__Task requirements__
Pictures in the entries below are excluded; copy only the lines from the one containing "Actual product image" to the one containing "Blue Ox BX2249", both included.

__Records supplied__
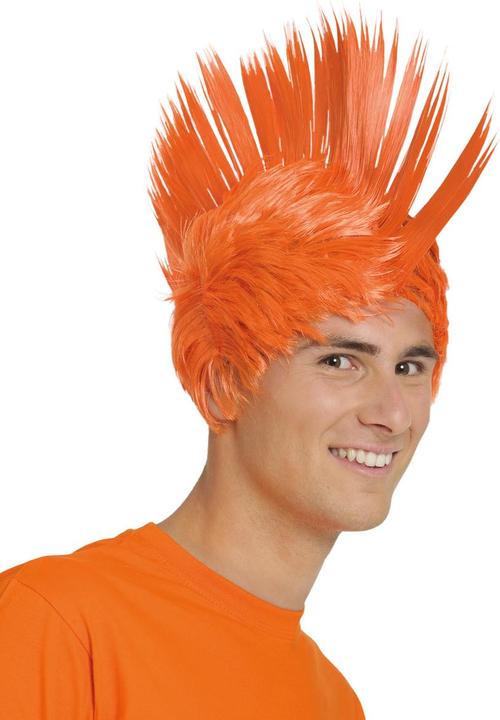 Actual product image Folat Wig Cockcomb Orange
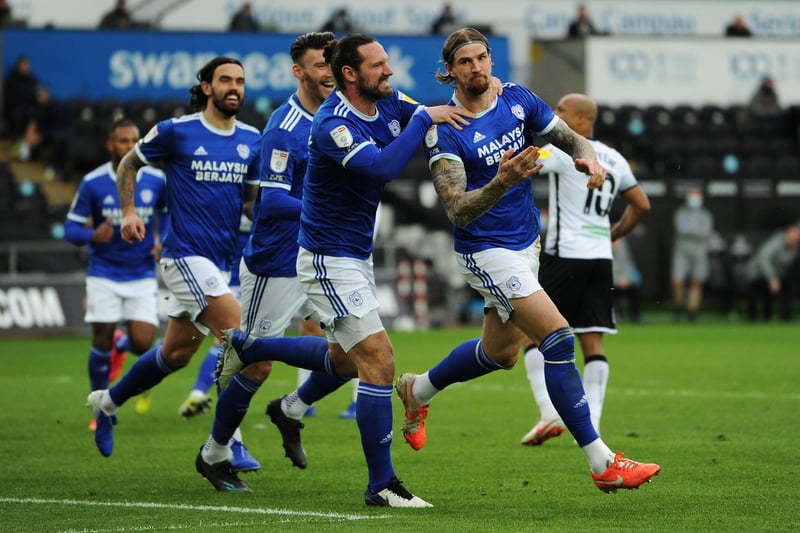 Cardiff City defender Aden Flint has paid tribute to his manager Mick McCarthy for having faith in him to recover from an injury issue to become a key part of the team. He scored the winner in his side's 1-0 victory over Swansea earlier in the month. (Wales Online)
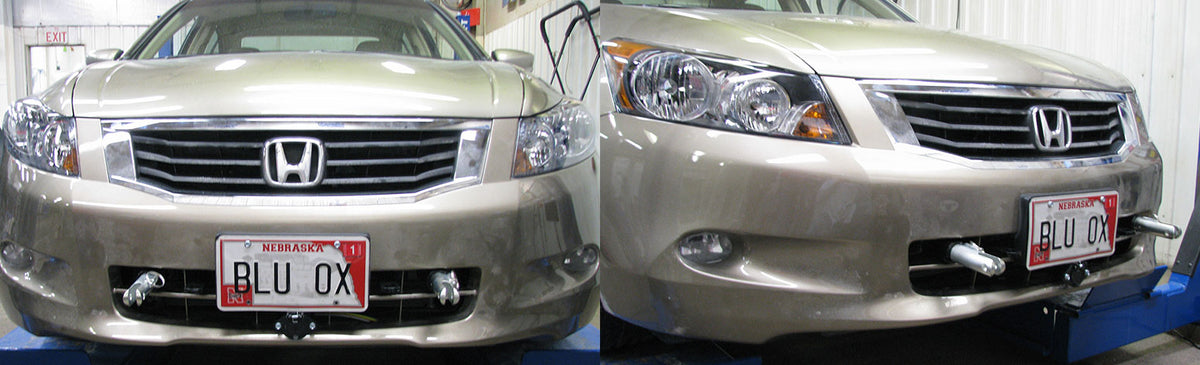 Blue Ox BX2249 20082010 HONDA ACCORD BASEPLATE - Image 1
* * *
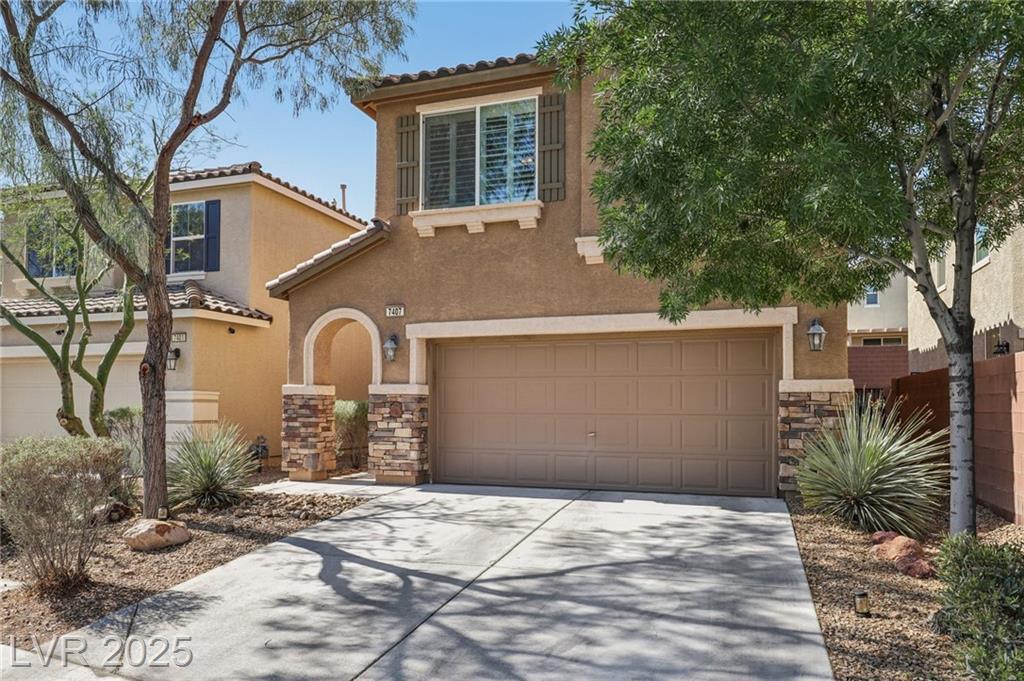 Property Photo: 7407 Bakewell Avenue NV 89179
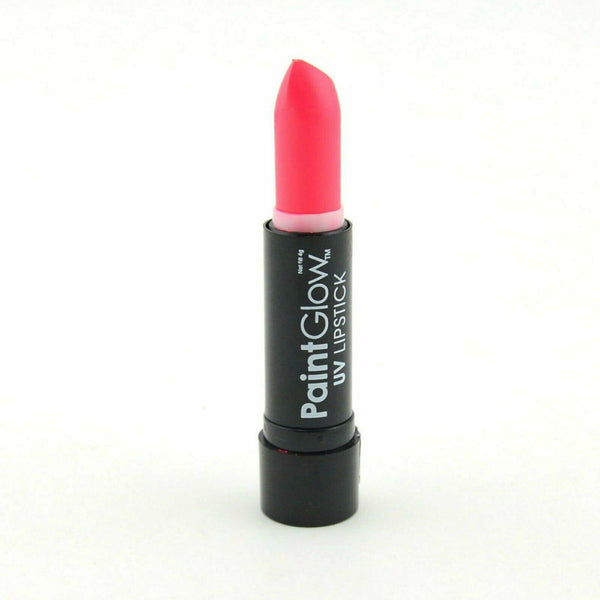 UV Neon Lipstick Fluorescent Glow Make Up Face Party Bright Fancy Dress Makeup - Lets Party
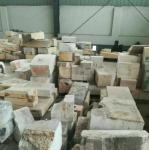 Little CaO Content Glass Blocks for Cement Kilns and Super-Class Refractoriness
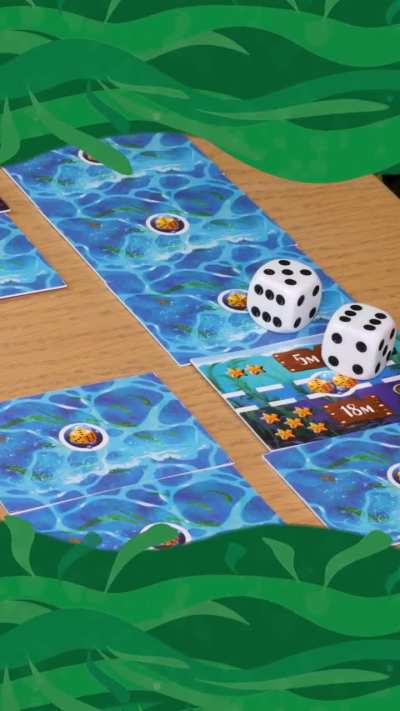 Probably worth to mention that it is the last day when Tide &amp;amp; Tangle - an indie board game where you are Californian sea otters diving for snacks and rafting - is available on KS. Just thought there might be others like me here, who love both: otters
--
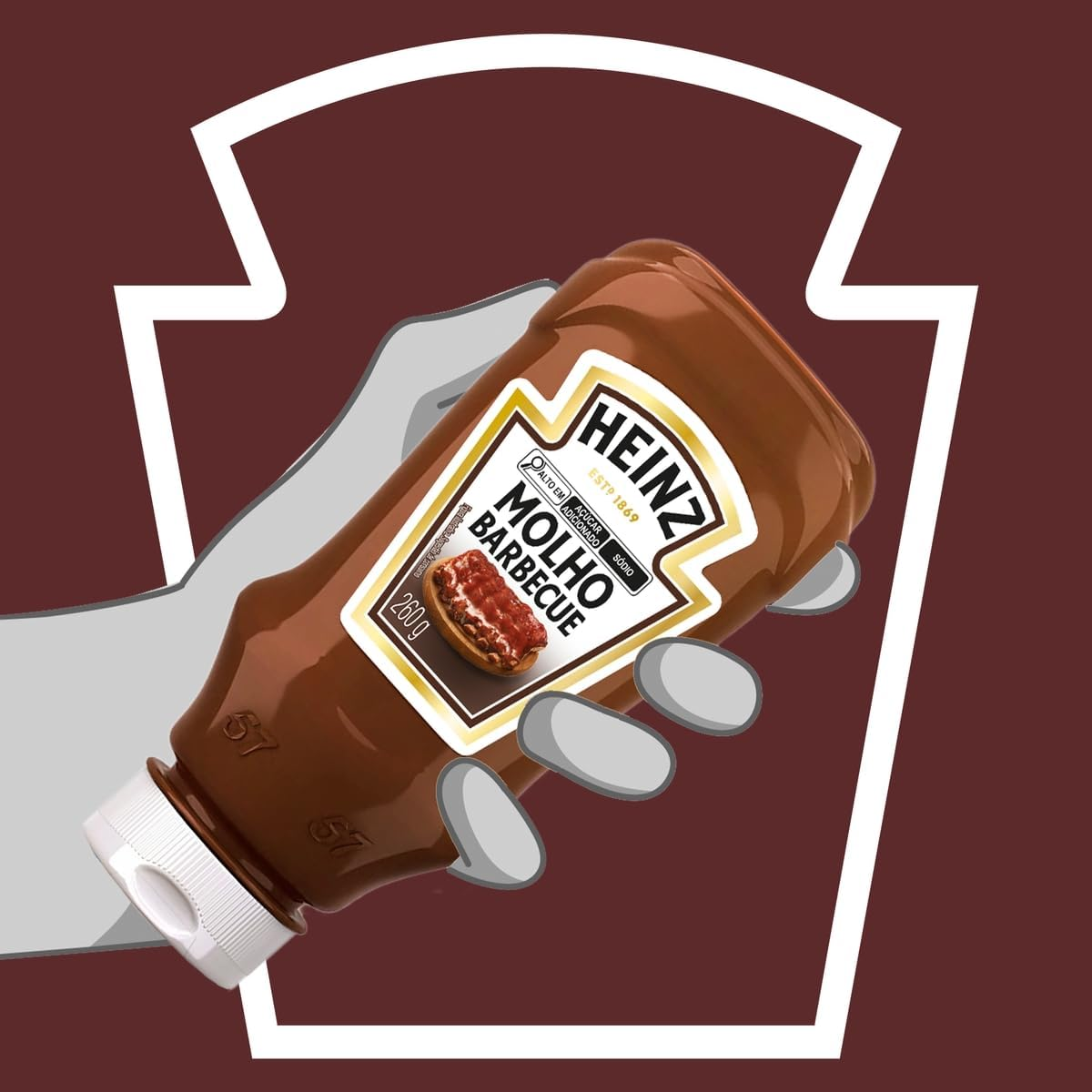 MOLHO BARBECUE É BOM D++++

__Written solution__
 Actual product image Folat Wig Cockcomb Orange
 Cardiff City defender Aden Flint has paid tribute to his manager Mick McCarthy for having faith in him to recover from an injury issue to become a key part of the team. He scored the winner in his side's 1-0 victory over Swansea earlier in the month. (Wales Online)
 Blue Ox BX2249 20082010 HONDA ACCORD BASEPLATE - Image 1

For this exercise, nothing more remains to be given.